By Geordie Bull
Years ago, I remember receiving judgement from well-meaning relatives about the fact that my two-year-old son still had a dummy.
“It will affect his speech and mess up his teeth,” they said. “He won’t learn to express himself.” Knowing this was true, I harshly criticised myself for being too weak to throw out his pacifier. But there was more to it than that.
Working harder than ever and still not doing enough
At the beginning of my parenting journey, I was a mother who completely subscribed to the ideals of attachment parenting and kept up with the latest child-development research. From the minute my kids woke up at 5am until they went to bed at 7.30pm, my day was spent running between them in an attempt to meet their ‘needs’ for attention, snacks, a playmate and comfort. Giving the pacifier to my son (who stopped day-napping at 18-months) was the only way I could complete a basic level of housework, go to the toilet or shower in peace.
At the time, I was incredulous that anyone could pick out the one area where I was failing to support my child’s optimal development whilst I was clearly drowning in anxiety, exhaustion and unhappiness.
But without a clear understanding of what I was experiencing, I made sense of it by assuming that there was something inherently wrong with me and that other mothers must be doing better.
The effect of intensive mothering ideology
Many years and conversations later, I learned that this wasn’t the case. As I gathered the courage to speak about how I was feeling with other mothers, they often echoed my sentiments in private.
I also discovered something that helped me piece together the reasons why so many mothers were working incredibly hard only to constantly feel like they were coming up short: intensive mothering ideology.

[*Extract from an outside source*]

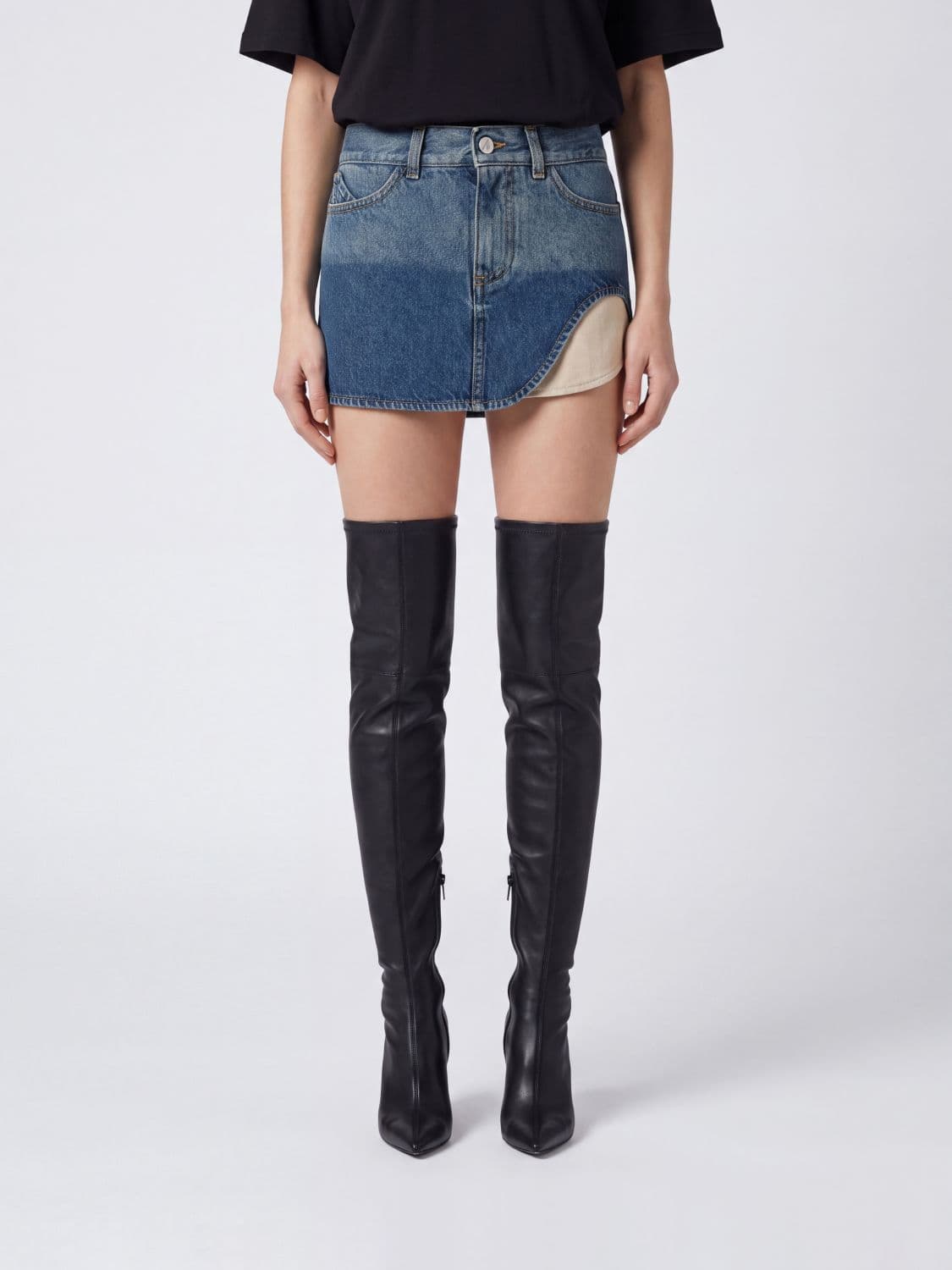 The Attico Asymmetrical Hem Cotton Denim Pencil Mini Skirt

This term was coined in the 1960s by an American sociologist named Sharon Hays to describe the dominant western cultural approach to motherhood as “child-centered, expert-guided, emotionally absorbing, labor-intensive and financially expensive”.

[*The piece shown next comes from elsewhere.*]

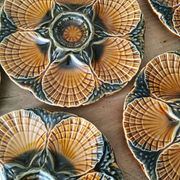 6 Oyster Plates, Seafood in Barbotine, Sarreguemines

This discovery made me realise that mothering was never meant to be this hard.
It isn’t our children who demand that mothers should be able to perfectly cater to the many expert-defined ‘needs’ of their children, but the messages we’ve absorbed about what it means to be a ‘good mother’.
While I still believe that most of the expert advice I read was beneficial to children, all of it failed to consider a mother’s individual circumstances and the level of support around her.
Nothing in the attachment parenting literature that I’d consumed warned me that neglecting my own basic needs and emotions to co-sleep, baby-wear and remain hyper-responsive to every display of emotion would lead to exhaustion, overwhelm and anxiety – which in turn led to me being impatient and unkind with my children.
None of the experts informed me that the task of raising a child optimally was never meant to be shouldered by one person, but a community of loving people who all valued the care of both mothers and children.